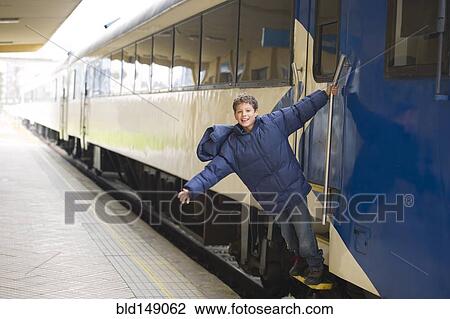 Hispanic boy standing on stairs of train View Large Photo Image Stock Image - Hispanic boy standing on stairs of train. Fotosearch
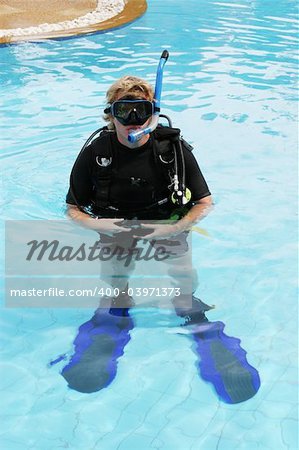 Scuba diver in the swimming pool.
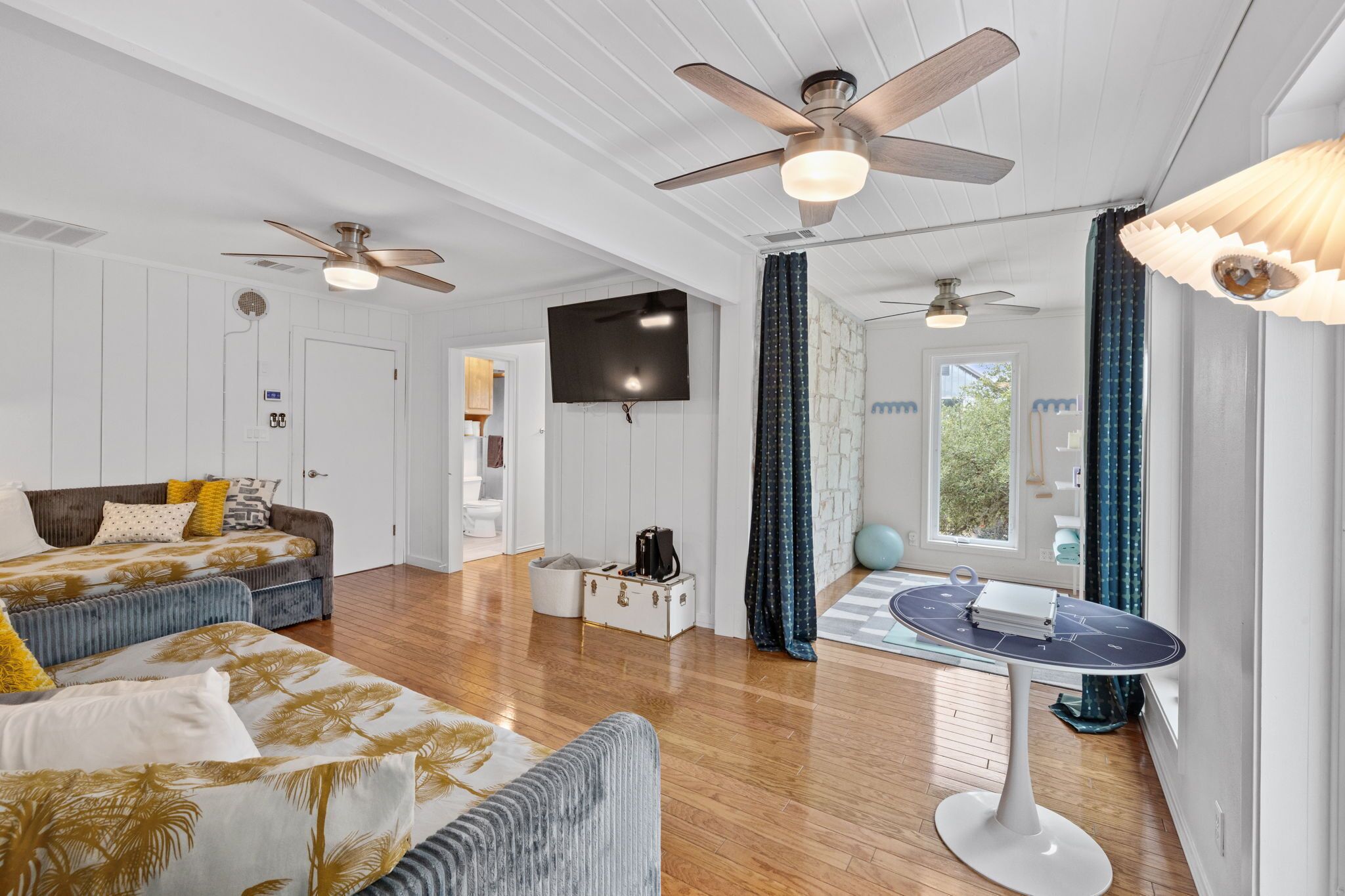 A spacious room with a ceiling fan, a flat-screen TV, a dining table, and a sofa.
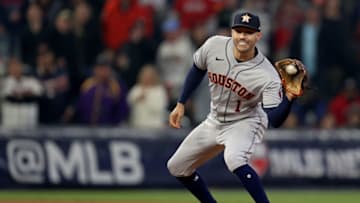 ATLANTA, GEORGIA - OCTOBER 30: Carlos Correa #1 of the Houston Astros turns a double play against the Atlanta Braves during the fourth inning in Game Four of the World Series at Truist Park on October 30, 2021 in Atlanta, Georgia. (Photo by Elsa/Getty Images)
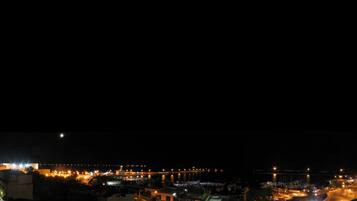 A nighttime view of a coastal town with illuminated buildings, a marina, and a bridge.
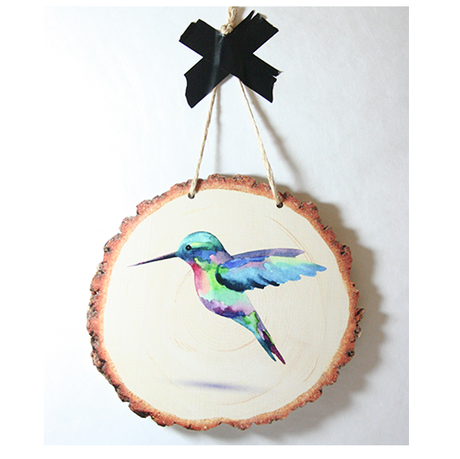 Vibrant hummingbird design on eco-friendly pine veneer wood slice wall art, perfect for nature-themed decor.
--------------------
BRIEF
Only the lines from the line with "A spacious room" through the closing line of the data, both included, should be set down, exactly as written and without pictures.

SOLVED PROBLEM
 A spacious room with a ceiling fan, a flat-screen TV, a dining table, and a sofa.
 ATLANTA, GEORGIA - OCTOBER 30: Carlos Correa #1 of the Houston Astros turns a double play against the Atlanta Braves during the fourth inning in Game Four of the World Series at Truist Park on October 30, 2021 in Atlanta, Georgia. (Photo by Elsa/Getty Images)
 A nighttime view of a coastal town with illuminated buildings, a marina, and a bridge.
 Vibrant hummingbird design on eco-friendly pine veneer wood slice wall art, perfect for nature-themed decor.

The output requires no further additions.